Short web captions:
#####
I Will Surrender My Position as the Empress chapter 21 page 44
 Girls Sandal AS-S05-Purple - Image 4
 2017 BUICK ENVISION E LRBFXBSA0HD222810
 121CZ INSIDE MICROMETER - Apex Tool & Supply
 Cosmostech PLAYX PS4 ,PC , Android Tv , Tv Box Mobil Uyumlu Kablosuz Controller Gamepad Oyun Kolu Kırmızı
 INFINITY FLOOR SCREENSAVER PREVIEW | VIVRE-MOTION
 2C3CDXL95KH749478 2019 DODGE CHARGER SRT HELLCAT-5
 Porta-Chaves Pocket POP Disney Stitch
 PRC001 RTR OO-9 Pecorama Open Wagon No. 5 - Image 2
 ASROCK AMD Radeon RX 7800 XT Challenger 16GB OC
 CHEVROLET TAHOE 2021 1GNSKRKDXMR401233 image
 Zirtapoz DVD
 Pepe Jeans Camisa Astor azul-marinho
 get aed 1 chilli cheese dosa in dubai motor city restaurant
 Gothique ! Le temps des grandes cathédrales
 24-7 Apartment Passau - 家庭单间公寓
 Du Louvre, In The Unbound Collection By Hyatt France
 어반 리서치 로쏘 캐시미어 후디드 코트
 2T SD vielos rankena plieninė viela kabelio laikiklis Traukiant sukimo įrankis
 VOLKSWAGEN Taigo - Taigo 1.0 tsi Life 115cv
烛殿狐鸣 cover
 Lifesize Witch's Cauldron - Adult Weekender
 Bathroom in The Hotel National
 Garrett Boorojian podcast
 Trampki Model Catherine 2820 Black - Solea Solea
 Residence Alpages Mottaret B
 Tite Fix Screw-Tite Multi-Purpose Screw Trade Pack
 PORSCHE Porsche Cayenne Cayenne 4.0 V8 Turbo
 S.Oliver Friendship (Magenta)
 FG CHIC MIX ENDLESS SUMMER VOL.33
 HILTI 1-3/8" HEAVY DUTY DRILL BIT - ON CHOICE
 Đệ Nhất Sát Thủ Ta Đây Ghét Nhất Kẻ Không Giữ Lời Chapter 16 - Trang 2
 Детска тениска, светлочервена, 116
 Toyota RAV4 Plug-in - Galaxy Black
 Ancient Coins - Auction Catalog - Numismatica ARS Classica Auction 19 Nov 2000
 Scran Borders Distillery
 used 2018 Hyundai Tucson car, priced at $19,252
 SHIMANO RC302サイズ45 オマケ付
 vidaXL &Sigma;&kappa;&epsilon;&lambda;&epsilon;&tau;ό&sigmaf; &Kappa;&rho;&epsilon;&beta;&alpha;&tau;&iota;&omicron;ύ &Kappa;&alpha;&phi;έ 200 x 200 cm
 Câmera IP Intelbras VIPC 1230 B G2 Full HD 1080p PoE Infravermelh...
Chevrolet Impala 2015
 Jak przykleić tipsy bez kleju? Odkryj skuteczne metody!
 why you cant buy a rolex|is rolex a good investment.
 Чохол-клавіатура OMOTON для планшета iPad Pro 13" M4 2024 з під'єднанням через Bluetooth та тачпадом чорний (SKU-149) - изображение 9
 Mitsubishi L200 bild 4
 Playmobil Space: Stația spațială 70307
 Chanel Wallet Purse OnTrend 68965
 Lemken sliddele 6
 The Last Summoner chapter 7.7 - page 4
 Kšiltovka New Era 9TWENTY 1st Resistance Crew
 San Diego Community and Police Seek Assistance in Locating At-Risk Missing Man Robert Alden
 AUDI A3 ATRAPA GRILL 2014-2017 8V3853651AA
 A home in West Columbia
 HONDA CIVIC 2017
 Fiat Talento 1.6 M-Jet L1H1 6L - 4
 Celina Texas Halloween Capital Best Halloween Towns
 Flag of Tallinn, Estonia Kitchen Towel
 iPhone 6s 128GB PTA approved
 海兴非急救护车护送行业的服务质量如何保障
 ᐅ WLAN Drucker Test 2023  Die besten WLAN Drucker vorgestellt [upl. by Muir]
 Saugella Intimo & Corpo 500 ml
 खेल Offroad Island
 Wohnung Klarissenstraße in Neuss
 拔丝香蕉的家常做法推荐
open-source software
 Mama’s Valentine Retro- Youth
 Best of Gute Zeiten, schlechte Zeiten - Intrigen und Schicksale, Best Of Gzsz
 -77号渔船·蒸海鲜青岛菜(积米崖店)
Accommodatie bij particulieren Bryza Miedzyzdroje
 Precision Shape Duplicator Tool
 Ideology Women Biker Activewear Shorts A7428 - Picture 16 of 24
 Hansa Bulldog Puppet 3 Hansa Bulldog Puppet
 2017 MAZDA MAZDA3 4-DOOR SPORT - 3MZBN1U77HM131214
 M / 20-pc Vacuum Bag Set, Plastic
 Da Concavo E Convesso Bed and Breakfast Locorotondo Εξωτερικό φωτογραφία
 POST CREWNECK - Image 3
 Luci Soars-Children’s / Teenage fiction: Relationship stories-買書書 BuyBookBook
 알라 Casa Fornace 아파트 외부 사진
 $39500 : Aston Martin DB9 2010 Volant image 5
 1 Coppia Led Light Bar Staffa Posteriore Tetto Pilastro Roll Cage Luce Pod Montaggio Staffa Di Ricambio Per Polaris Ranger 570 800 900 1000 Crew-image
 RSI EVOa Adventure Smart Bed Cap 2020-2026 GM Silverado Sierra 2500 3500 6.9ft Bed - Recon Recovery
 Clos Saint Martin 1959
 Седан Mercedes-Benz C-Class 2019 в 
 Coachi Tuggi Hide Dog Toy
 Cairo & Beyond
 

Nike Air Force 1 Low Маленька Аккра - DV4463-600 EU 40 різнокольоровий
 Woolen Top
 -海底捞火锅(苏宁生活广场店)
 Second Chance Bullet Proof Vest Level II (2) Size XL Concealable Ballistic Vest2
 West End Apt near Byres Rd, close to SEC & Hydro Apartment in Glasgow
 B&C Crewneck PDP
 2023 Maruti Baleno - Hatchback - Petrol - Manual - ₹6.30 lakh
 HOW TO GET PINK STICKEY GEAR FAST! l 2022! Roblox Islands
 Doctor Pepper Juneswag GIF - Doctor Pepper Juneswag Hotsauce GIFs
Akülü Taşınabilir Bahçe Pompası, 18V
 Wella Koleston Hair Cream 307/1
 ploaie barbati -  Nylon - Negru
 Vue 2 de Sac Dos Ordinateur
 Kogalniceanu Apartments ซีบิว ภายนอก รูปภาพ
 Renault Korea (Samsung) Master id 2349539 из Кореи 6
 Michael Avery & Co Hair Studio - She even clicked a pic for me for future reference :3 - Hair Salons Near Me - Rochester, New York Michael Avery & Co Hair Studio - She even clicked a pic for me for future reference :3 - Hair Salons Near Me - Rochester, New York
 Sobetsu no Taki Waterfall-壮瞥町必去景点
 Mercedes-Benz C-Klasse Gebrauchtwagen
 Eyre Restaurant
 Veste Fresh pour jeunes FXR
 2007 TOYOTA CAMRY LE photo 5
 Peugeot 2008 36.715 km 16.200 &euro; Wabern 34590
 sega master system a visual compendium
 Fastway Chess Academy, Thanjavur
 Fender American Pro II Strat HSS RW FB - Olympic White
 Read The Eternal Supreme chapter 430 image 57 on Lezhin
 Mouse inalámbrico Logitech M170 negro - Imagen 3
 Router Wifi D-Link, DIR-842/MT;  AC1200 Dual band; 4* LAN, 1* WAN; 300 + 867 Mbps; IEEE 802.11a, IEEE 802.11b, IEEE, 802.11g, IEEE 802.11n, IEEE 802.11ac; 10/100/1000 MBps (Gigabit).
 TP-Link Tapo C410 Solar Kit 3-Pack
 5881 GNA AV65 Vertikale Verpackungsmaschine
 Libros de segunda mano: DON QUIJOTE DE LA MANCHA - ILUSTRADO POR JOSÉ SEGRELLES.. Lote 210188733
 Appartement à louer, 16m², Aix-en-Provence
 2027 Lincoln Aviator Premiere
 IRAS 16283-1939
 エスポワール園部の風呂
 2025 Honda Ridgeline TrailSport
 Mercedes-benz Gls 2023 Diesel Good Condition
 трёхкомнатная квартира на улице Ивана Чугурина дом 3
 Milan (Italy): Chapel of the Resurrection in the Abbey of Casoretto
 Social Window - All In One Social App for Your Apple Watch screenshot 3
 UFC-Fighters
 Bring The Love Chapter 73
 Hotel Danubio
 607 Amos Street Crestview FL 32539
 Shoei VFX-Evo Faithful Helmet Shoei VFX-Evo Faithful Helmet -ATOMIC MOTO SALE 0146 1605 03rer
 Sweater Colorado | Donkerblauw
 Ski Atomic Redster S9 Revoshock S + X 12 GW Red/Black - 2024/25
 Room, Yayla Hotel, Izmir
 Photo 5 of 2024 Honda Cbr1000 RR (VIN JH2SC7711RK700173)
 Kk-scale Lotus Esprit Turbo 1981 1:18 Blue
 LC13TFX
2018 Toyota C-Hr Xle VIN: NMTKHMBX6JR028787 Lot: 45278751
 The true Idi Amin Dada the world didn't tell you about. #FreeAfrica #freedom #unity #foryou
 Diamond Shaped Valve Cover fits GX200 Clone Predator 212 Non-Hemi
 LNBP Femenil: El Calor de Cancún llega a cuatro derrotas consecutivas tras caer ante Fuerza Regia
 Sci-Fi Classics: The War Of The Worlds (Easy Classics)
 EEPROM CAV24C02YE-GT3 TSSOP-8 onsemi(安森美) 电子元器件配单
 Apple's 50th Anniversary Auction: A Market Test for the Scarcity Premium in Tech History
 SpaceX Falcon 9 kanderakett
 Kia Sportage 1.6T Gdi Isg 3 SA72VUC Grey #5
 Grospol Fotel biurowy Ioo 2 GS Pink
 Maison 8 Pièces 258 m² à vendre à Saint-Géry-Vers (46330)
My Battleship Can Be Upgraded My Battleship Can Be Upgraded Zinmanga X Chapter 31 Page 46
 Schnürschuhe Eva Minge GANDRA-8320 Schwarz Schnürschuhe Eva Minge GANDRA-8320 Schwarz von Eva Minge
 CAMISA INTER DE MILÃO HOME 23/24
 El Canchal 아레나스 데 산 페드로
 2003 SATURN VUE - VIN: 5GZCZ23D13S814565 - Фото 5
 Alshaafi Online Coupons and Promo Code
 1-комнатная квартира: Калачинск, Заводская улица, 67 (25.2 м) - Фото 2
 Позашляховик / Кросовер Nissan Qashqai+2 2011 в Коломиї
#####
Task requirements:
The lines needed are the ones from the first line of the entries through the line that contains "Du Louvre, In", given again without any change.

Task output:
I Will Surrender My Position as the Empress chapter 21 page 44
 Girls Sandal AS-S05-Purple - Image 4
 2017 BUICK ENVISION E LRBFXBSA0HD222810
 121CZ INSIDE MICROMETER - Apex Tool & Supply
 Cosmostech PLAYX PS4 ,PC , Android Tv , Tv Box Mobil Uyumlu Kablosuz Controller Gamepad Oyun Kolu Kırmızı
 INFINITY FLOOR SCREENSAVER PREVIEW | VIVRE-MOTION
 2C3CDXL95KH749478 2019 DODGE CHARGER SRT HELLCAT-5
 Porta-Chaves Pocket POP Disney Stitch
 PRC001 RTR OO-9 Pecorama Open Wagon No. 5 - Image 2
 ASROCK AMD Radeon RX 7800 XT Challenger 16GB OC
 CHEVROLET TAHOE 2021 1GNSKRKDXMR401233 image
 Zirtapoz DVD
 Pepe Jeans Camisa Astor azul-marinho
 get aed 1 chilli cheese dosa in dubai motor city restaurant
 Gothique ! Le temps des grandes cathédrales
 24-7 Apartment Passau - 家庭单间公寓
 Du Louvre, In The Unbound Collection By Hyatt France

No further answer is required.